À partir de ce tableau général, l’analyse de Cushman & Wakefield distingue deux grandes tendances qui seront suivies à l’avenir par les entreprises de coworking : d’une part, élargir leur offre immobilière, en misant sur des prestations haut de gamme et, d’autre part, cibler une clientèle de niche, en créant des espaces sur mesure et fortement caractérisés. La chose la plus intéressante est que, au fur et à mesure que le marché du coworking mûrit, ces lignes de ciblage ont tendance à se confondre. Agnès Talène explique : « le type de clientèle et les services peuvent se mêler et, à la fin, les différentes catégories d’acteurs pourraient viser à une forme de complémentarité ». Ainsi, une société immobilière comme Nexity a lancé sa propre marque de coworking, Blue Office, qui offre des services et des prix similaires à ceux des acteurs de première génération.

Mais les perspectives de développement pour ce secteur sont encore plus vastes. Au-delà des services basiques désormais rodés et fournis dans les trois-quarts des espaces de coworking (lieux de rencontre, salles de conférence, etc.), d’autres services ont un fort potentiel, comme les aires de restauration ou les espaces de détente avec douches.
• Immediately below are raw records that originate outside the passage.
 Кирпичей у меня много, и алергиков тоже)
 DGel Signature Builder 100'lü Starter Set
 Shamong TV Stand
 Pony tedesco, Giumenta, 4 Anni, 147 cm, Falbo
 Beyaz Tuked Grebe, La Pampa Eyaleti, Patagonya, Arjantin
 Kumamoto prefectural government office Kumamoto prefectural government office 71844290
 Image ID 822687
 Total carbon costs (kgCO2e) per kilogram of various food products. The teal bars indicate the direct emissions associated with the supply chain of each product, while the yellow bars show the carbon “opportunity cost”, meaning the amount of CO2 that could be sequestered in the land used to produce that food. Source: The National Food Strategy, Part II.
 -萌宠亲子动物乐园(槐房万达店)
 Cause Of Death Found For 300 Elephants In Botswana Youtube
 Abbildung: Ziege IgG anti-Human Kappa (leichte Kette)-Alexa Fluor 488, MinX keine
La perspective qui ressort du rapport de Cushman & Wakefield est celle d’intégrer des espaces de proworking (coworking haut de gamme pour les professionnels), corpoworking (un espace de travail partagé et un lieu fédérateur de communauté destiné aux salariés d’une entreprise et, parfois, à des acteurs extérieurs) et coliving, une formule qui met en avant la vie et le travail en communauté dans le cadre d’une offre immobilière résidentielle construite autour d’un panel de services variés, qui va des cours de yoga à l’atelier d’orientation professionnelle en passant par les soirées cinéma.
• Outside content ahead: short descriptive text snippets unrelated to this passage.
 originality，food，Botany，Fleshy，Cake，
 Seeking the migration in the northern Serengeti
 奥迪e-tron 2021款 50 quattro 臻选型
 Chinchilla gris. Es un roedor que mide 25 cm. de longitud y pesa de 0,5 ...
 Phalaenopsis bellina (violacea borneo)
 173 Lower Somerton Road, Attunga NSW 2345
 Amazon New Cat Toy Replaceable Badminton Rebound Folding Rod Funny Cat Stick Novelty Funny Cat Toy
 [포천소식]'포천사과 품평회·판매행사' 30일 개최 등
En définitive, le marché du coworking en France est en effervescence, avec de grandes perspectives d’élargissement, notamment vers le haut de gamme et la personnalisation des services. Agnès Talène conclut : « La qualité de vie au travail et le confort de la décoration des bureaux haut de gamme sont déjà des éléments indispensables pour les acteurs qui investissent dans le coworking, notamment pour ceux qui désirent développer une clientèle faite d’entreprises et de salariés nomades des grandes sociétés, déjà habitués à des standards élevés. Et ils le seront de plus en plus ».